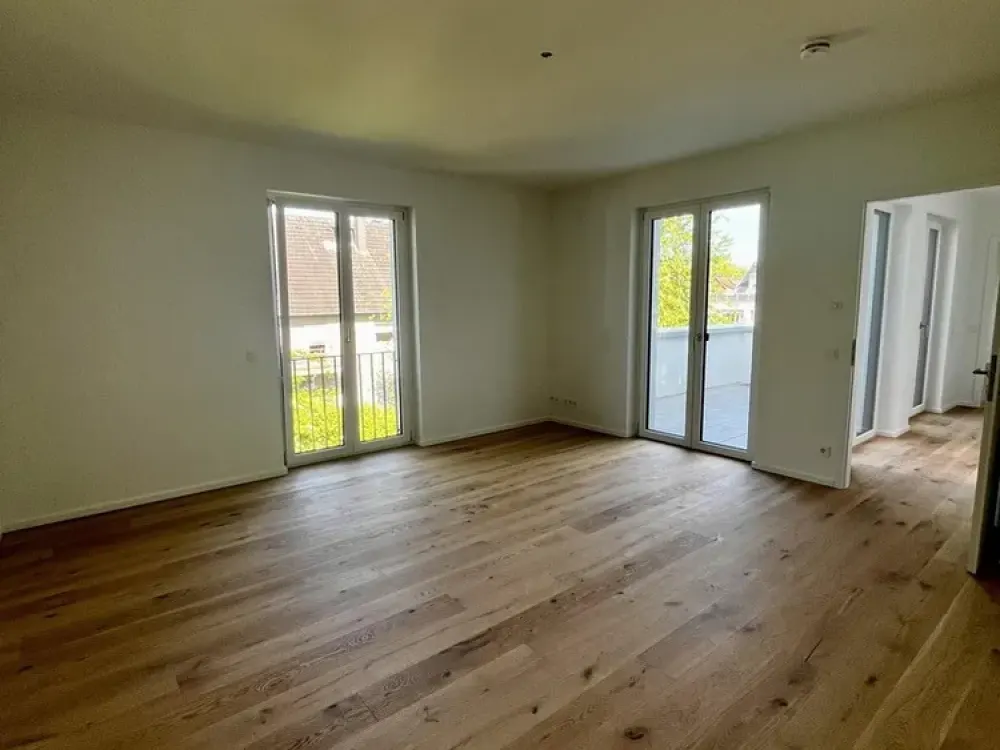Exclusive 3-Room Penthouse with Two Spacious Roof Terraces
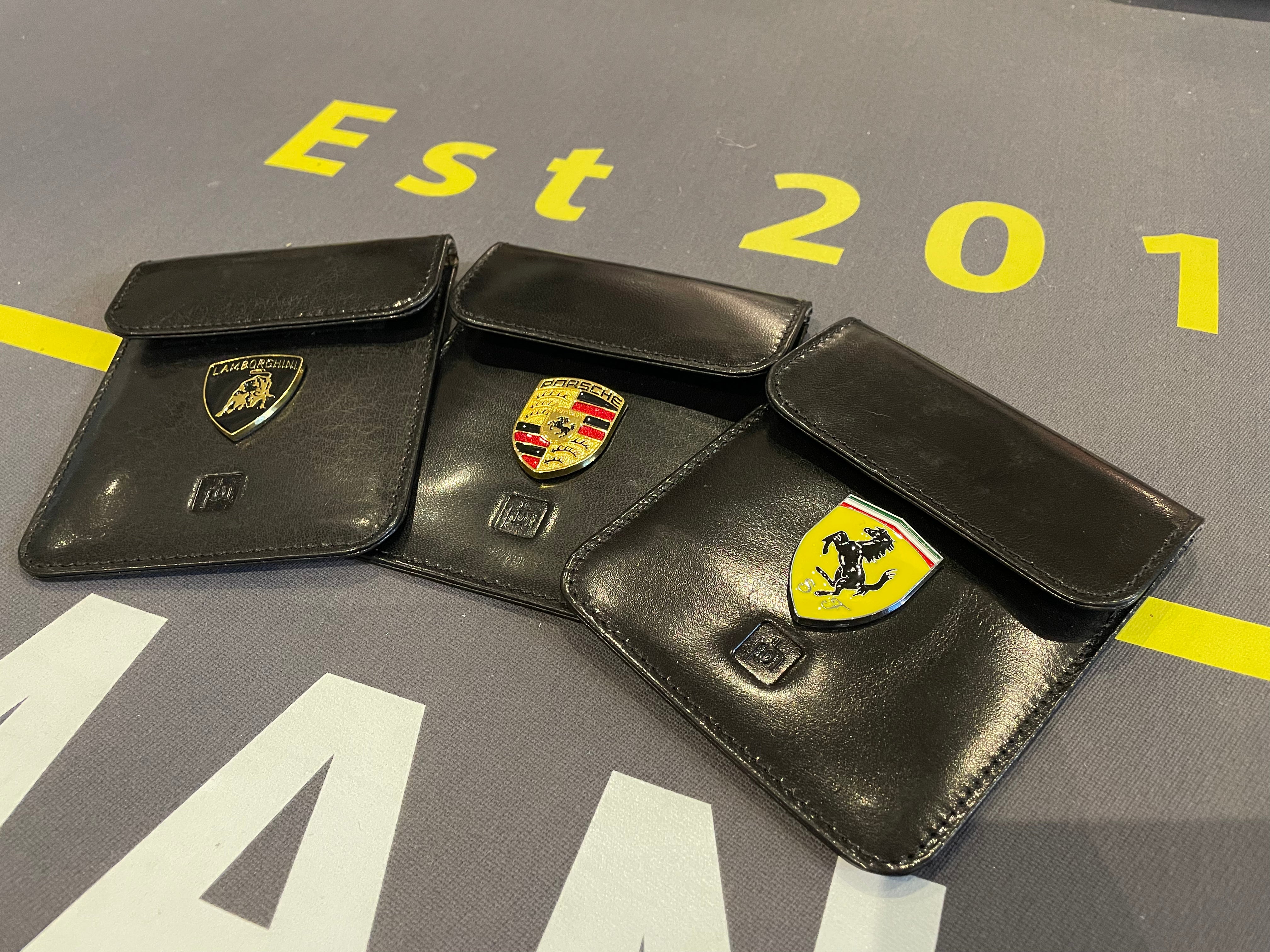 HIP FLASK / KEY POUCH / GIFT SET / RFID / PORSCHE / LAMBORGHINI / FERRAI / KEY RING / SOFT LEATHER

----------------------------------------

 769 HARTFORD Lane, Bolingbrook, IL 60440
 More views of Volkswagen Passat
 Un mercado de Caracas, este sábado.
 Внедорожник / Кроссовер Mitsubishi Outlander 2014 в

----------------------------------------

> Problem to solve: The reply should hold the entries above from the line with "Exclusive 3-Room Penthouse" to the line with "HIP FLASK /", duplicated exactly, pictures excluded.

> Your response:
Exclusive 3-Room Penthouse with Two Spacious Roof Terraces
 HIP FLASK / KEY POUCH / GIFT SET / RFID / PORSCHE / LAMBORGHINI / FERRAI / KEY RING / SOFT LEATHER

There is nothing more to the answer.